Akibatnya pun sangat besar, yaitu kelemahan untuk menjalankan kewajiban
tersebut dan terhalang dari ridha-Nya. Kedua dampak tersebut merupakan hukuman
atas ketidaksiapan dalam menjalankan kewajiban yang telah nampak di depan mata.[1]
Abu
Bakr Az Zur’i menyitir firman Allah ta’ala dalam Al-Quran surat At-Taubah
ayat 83 yang artinya:
“Maka jika Allah mengembalikanmu kepada suatu
golongan dari mereka, kemudian mereka minta izin kepadamu untuk keluar (pergi
berperang), Maka katakanlah: “Kamu tidak boleh keluar bersamaku selama-lamanya
dan tidak boleh memerangi musuh bersamaku. Sesungguhnya kamu telah rela tidak
pergi berperang kali yang pertama. karena itu duduklah bersama orang-orang yang
tidak ikut berperang.”
(At Taubah: 83).
Renungilah
ayat di atas baik-baik! Ketahuilah, Allah ta’ala tidak menyukai
keberangkatan mereka dan Dia lemahkan mereka, karena tidak ada persiapan dan
niat mereka yang tidak lurus lagi. Namun, bila seorang bersiap untuk menunaikan
suatu amal dan ia bangkit menghadap Allah dengan kerelaan hati, maka Allah
terlalu mulia untuk menolak hamba yang datang menghadap-Nya. Berhati-hatilah
dari mengalami nasib menjadi orang yang tidak layak menjalankan perintah Allah ta’ala
yang penuh berkah.

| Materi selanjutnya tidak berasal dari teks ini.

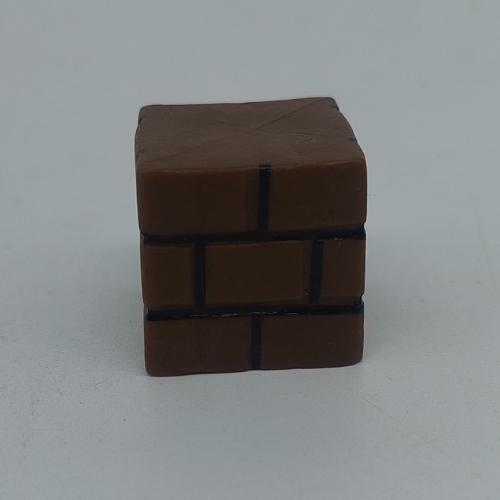 Bloque de ladrillos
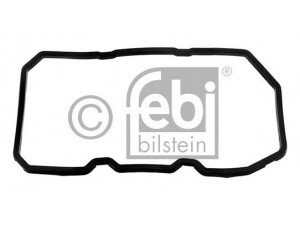 FEBI BILSTEIN 33011 tarpiklis, automatinės pavarų dėžės alyvos karteris 
 Techninės priežiūros dalys -> Techninės priežiūros intervalai
169 371 04 80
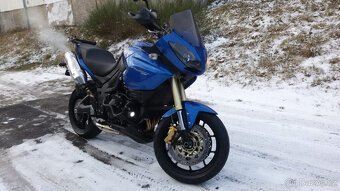 Triumph Tiger 1050 Sport - 2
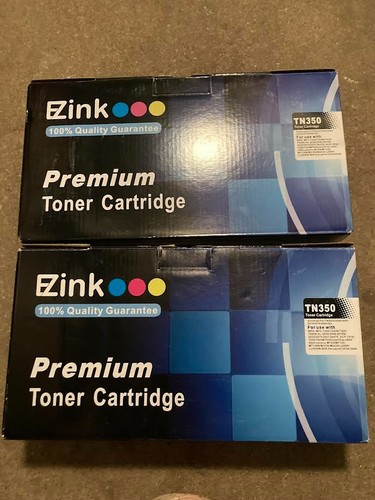 Toner tn350 nuovo pezzi per - tn350,
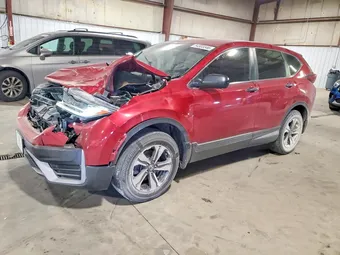 2021 Honda CR-V 5J6RW2H23ML011631 Lot 54303346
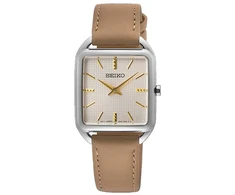Laikrodis SEIKO WATCHES SWR089P1
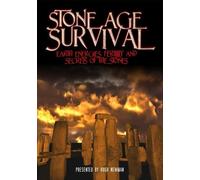 Stone Age Survival: Earth Energies, Fertility and Secrets of the Stones (DVD)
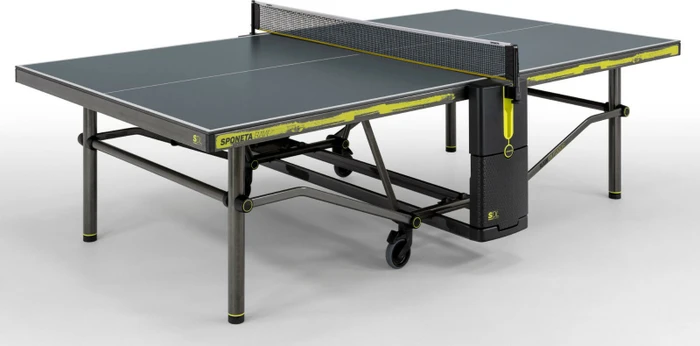Sponeta SDL Raw Outdoor Tischtennistisch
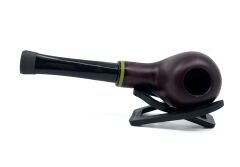 Pipsan 9 mm Filtreli Büyük Boy Gül Ağacı Pipo - 3114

Seringnya kita mengikuti hawa nafsu, akan menyebabkan kita
tertimpa hukuman berupa tertutupnya hati dari hidayah.
Allah
ta’ala berfirman, dalam Al-Qur’an surat Al-An’am ayat 110 yang artinya :
“Dan (begitu pula) Kami memalingkan hati dan
penglihatan mereka seperti mereka belum pernah beriman kepadanya (Al Quran)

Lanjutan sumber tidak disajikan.